Tuesday, March 30, 2010
Fermentation is an exciting, magical process in which naturally occurring microorganisms are allowed to colonize and alter food - for the better. It is the way many of our ancestors preserved food, in some cases making it more digestible, and (perhaps most important of all) created the delicious heady flavours fermented foods are known for. Fermentation is the process that turns grape juice into wine, cabbage into sauerkraut or kim chi, and milk into yoghurt and cheese. Black tea, coffee and even chocolate are all fermented foods!
Fermentation at home is a dying skill, though. Modern society's fear of germs and obsession with hygiene means that it is seen as risky and somewhat radical. In reality, the over-use of antibacterial wipes and soaps is only contributing to the growth of antibiotic-resistant strains of bacteria, and the hyper-cleanliness of our modern world has arguably contributed to the alarming rise in childhood allergies in the last decade. We are losing touch with the vibrant fermentation traditions of our native cultures, as well as missing out on food that is truly alive, literally fizzing with vitamins, enzymes and beneficial bacteria.
Fermentation is not hard! You don't need a mask, gown, or even a thermometer for most basic projects. People have not been fermenting food for thousands of years because it is difficult, or fraught with danger. I have been making my own yoghurt for ages now, successfully keeping alive the same culture for months at a time. I enjoy the gentle rhythm fermentation winds through my days. The flavour and texture is superb, and it is full of natural probiotics. In addition, fermentation of milk can apparently make it tolerable for those with lactose intolerance. Best of all - I can now make a litre of yoghurt for around $1, rather than buying it for $5!
You will need:
A 1 L glass jar
1 Tb of ready-made yoghurt ("Try Me" brand, from Bharat Traders amongst other places, has given me best results. Jalna was a flop.)
Around 800 mL milk (up to 1 L if not using powdered milk)
1/2 cup powdered milk (optional)
Place milk into a saucepan and whisk in powdered milk, if using. (I used to never do this, but have become less purist, as it does give a thicker, creamier yoghurt. All commercial yoghurts add it, as "milk solids".)
Heat the milk to just before boiling. Stir milk while heating to avoid sticking to the bottom. (Alternately, forget like I usually do and just clean out the pan later.)
Set the milk in a sink full of cold water until it reaches the point where you can hold a (clean) finger in it for 10 seconds without beads of sweat popping on your forehead. In other words, it should be pleasantly hot - above body-temperature, like a lovely warm-to-hot bath. If you forget about it and come back to stone-cold milk (as I inevitably do) - just reheat until you reach the pleasantly hot point described above.
Pour a little boiling water into the jar to preheat it. It doesn't need to be sterilised (just clean).

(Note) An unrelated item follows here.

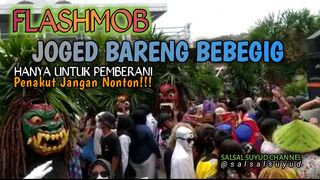 BEBEGIG SUKAMANTRI‼️ FLASHMOB JOGED BARENG BEBEGIG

Whisk starter yoghurt into the milk. Resist the temptation to add extra - yes, 1 Tb really is enough! Too much and the culture gets "crowded" and doesn't set properly. In the olden days, the yoghurt remaining on the sides of the empty ceramic crock would be enough to culture the new batch. Pour milk/yoghurt mixture into the jar through a sieve.
Cap the jar, wrap in a towel and place in an esky or similar. My esky isn't even insulated and it still works. Leave overnight. Longer is fine if you forget (yep, that's me again - fermentation is so forgiving!) The longer you leave it, the sourer it gets. It will firm up more when you put it in the fridge.
How easy (and delicious) is that!? You can also make this with organic milk, or even with skim milk plus skim powdered milk for low-fat yoghurt.
We are really passionate about fermentation, for its health benefits, its connection to human history, as well as its guerrilla nature, that we're somehow flipping the bird to so much of what we don't like about modern Western society - its plastic-fantastic, hyper-clean, standardized homogeneity. It's a great way to take control of more of your own food, bypassing mass production. If you're interested, I urge you to read Sandor Ellix Katz's incredible tome, Wild Fermentation. As time goes by, I hope to share more interesting projects with you, such as sourdough bread, sauerkraut and home-made ginger beer. Happy fermenting!